Return, with both end lines included, exactly what the data below holds from the line with "Large Peak Design" through the line with "little girl pointing", though not the pictures.

(Dataset entries)

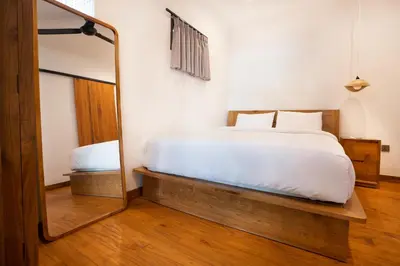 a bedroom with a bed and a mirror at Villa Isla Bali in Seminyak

(End Dataset entries)
(Dataset entries)

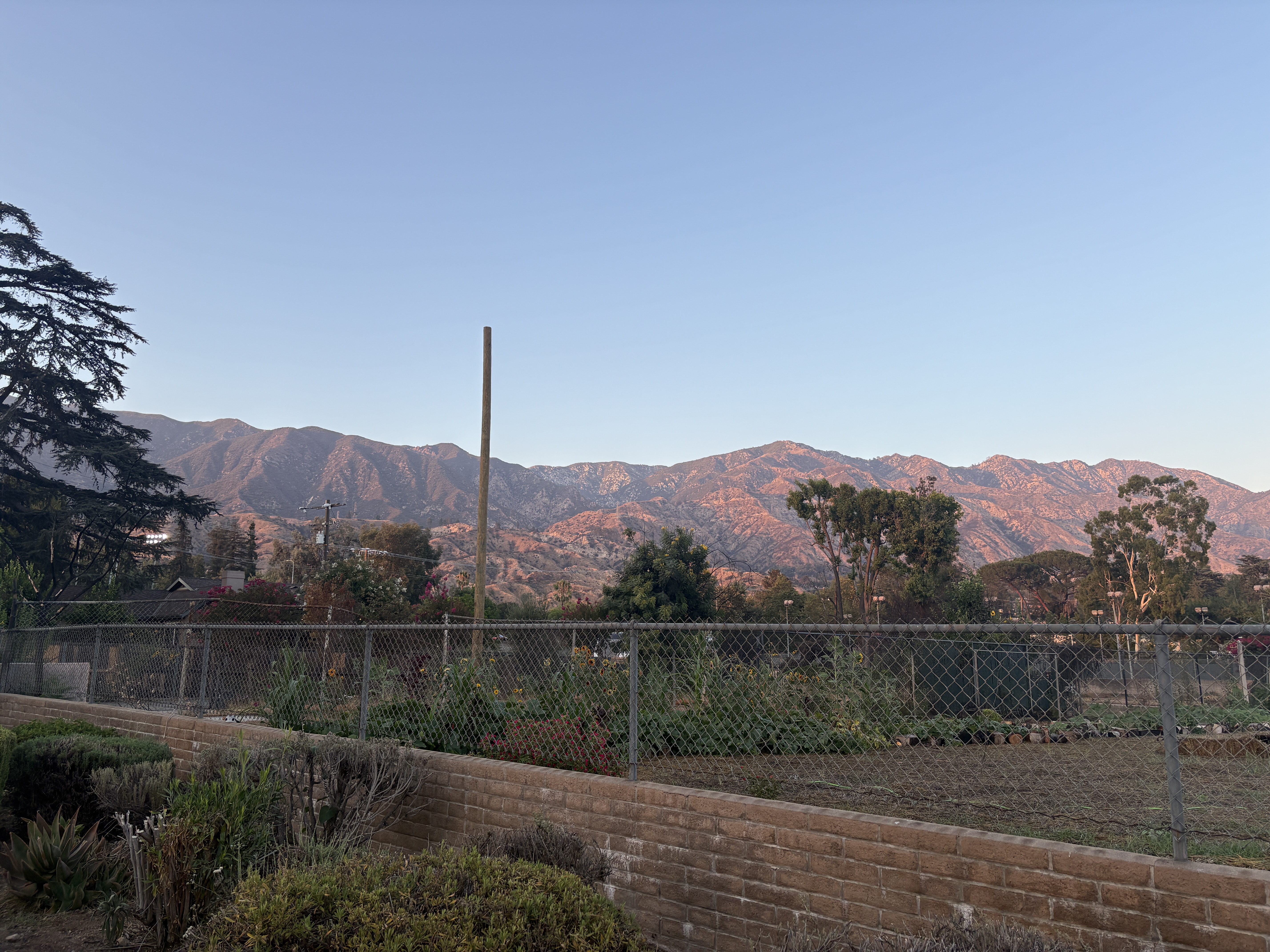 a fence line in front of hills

(End Dataset entries)
(Dataset entries)

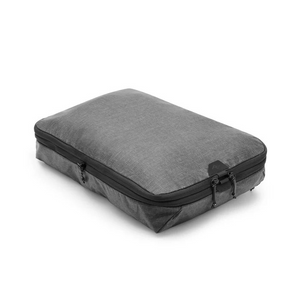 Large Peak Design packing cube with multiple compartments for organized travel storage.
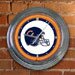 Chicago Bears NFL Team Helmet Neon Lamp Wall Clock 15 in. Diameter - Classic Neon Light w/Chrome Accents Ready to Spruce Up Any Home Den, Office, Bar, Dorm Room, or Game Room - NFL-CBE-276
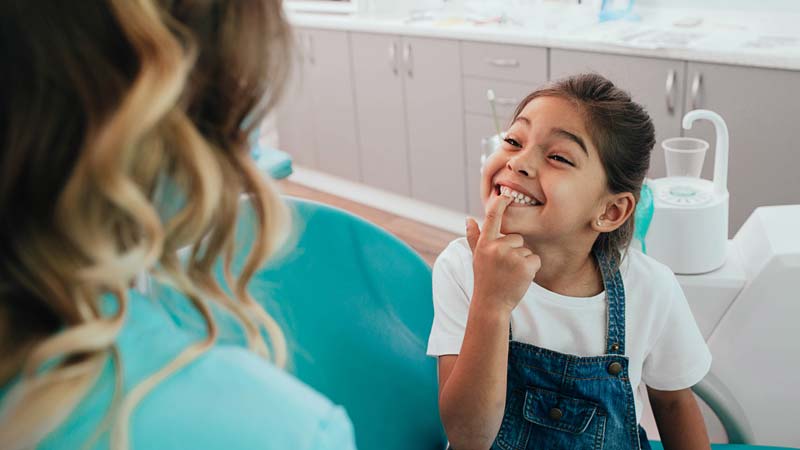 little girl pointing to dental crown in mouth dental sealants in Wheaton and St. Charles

(End Dataset entries)

▸ **Answer to the exercise**:
 Large Peak Design packing cube with multiple compartments for organized travel storage.
 Chicago Bears NFL Team Helmet Neon Lamp Wall Clock 15 in. Diameter - Classic Neon Light w/Chrome Accents Ready to Spruce Up Any Home Den, Office, Bar, Dorm Room, or Game Room - NFL-CBE-276
 little girl pointing to dental crown in mouth dental sealants in Wheaton and St. Charles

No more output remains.